Another question: Julia grammar requires some more control over whitespace, for example in function call the left paren ( should open immediately w/o any whitespace after the identifier; this is a syntax error f (1) while this is ok f(1).

In tree-sitter-julia they have a custom tokenizer which emits IMMEDIATE_PAREN token.

I’ve tried to do the same with Lezer but it seems external tokenizers don’t have access to “lookahead”. I’ve looked into using ContextTracker but it doesn’t seem to be able to react on whitespace so I cannot react on the occurrence of whitespace in the input.
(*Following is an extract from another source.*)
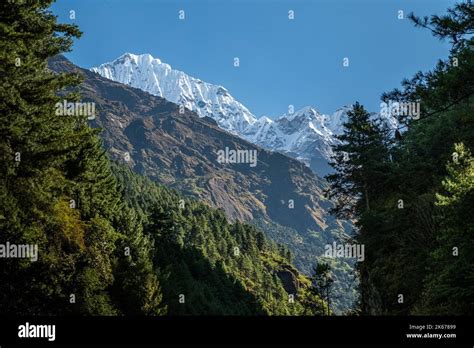 himalayas snowcaped mountains   trees   everest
The gist of what I’m trying to do:

export const layout = new ExternalTokenizer(
  (input, token, stack) => {
    if (
      input.get(token.start) === LPAREN &&
      // only if immediateParen is allowed
      stack.canShift(terms.immediateParen) &&
      // only if we haven't encountered whitespace on prev position
      !stack.context.whitespace
    ) {
      token.accept(terms.immediateParen, token.start - 1);
      return;
    }
  },
  {
    contextual: true,
    // So we still produce "(" after immediateParen
    extend: true,
  }
);


export let context = new ContextTracker({
  start: {whitespace: true},
  // THIS DOES NOT EXIST
  skip(context) {
    return {whitespace: true};
  },
  shift(_context, term, input, stack) {
    return {whitespace: false};
  },
  hash(context) {
    return +context.whitespace;
  }
});

Do you think this makes sense or am I missing some other obvious solution?

Thanks!

marijn · March 31, 2021, 2:19pm

Custom tokenizers should be able to read any input they desire, so it should be possible to emit a special token for parens without whitespace in front of them.

andreypopp · March 31, 2021, 3:41pm

I was hoping I could reuse definitions for whitespace-y tokens defined in grammar but checking what was before the paren is good enough too. Thanks!